Museum „Von außen wirkt’s kleiner“

Saarbrücken  · Am Samstag wurde die Moderne Galerie des Saarlandmuseums für alle geöffnet. Was sagen die Besucher?

 Ein Blick von oben in die Moderne Galerie.

Ein Blick von oben in die Moderne Galerie.

Foto: Kerstin Krämer/Kerstin Kraemer +49/(0)177-196

Kultusminister Ulrich Commerçon (SPD) eilt mit wehenden Rockschößen über den Vorplatz der Modernen Galerie. In deren Foyer staut es sich an diesem Samstagmorgen – der Andrang ist überwältigend. Presse, Radio und Fernsehen wuseln überall, unzählige Kameras strecken ihre Objektive aus, an jeder Ecke recken sich einem Mikrofone entgegen.

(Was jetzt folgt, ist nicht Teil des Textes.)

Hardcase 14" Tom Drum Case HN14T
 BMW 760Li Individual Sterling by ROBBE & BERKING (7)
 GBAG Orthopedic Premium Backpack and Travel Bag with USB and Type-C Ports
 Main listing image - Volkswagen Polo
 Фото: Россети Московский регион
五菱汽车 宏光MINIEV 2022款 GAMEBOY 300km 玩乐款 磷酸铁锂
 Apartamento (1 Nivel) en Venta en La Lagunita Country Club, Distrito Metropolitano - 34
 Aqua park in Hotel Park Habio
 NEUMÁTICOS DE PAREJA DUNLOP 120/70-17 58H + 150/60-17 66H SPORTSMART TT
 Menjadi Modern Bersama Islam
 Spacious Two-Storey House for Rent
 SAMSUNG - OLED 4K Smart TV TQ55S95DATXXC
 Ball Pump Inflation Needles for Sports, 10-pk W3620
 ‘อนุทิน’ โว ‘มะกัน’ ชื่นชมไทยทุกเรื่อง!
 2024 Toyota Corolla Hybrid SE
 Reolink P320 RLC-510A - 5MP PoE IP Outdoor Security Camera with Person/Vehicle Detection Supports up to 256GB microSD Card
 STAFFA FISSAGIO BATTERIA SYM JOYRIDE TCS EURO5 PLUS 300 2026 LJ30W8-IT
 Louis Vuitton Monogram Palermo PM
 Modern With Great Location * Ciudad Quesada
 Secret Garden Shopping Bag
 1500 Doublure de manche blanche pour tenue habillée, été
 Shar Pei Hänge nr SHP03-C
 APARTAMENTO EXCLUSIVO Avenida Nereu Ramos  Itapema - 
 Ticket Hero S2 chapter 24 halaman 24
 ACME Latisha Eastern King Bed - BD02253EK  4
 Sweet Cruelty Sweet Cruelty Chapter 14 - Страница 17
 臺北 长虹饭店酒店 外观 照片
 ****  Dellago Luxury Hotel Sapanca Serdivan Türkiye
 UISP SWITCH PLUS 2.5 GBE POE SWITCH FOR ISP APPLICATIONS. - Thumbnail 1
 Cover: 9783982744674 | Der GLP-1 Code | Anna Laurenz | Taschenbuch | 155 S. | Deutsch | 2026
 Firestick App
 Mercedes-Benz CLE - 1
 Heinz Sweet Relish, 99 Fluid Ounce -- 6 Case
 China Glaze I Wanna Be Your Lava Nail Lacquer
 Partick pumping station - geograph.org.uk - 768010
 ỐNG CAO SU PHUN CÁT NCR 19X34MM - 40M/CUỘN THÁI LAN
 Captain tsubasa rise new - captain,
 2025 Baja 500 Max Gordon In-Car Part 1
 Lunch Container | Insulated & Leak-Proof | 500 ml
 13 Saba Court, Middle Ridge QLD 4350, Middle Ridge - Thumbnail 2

Der Museums-Mitarbeiter am Eingang weiß ganz genau, wie viele Leute schon da sind, denn er hat einen Besucherzähler in der Hand. Der macht unablässig Klick: 11 Uhr, es hat noch gar nicht angefangen, und doch ist die Marke von 600 Gästen schon jetzt überschritten – 500 hatten sich offiziell angemeldet. Man strömt, um ein schier unerhörtes Ereignis zu feiern: die Wiedereröffnung der Modernen Galerie und die Einweihung des so genannten Vierten Pavillons. Was dem Hamburger seine Elbphilharmonie und dem Berliner sein Flughafen, das ist dem Saarbrücker eben jener Erweiterungsbau: skandalerschütterter, fünf Kultusminister verschleißender Kunstkubus, an dessen Fertigstellung man irgendwann gar nicht mehr glauben mochte. Seid verschlungen, Millionen!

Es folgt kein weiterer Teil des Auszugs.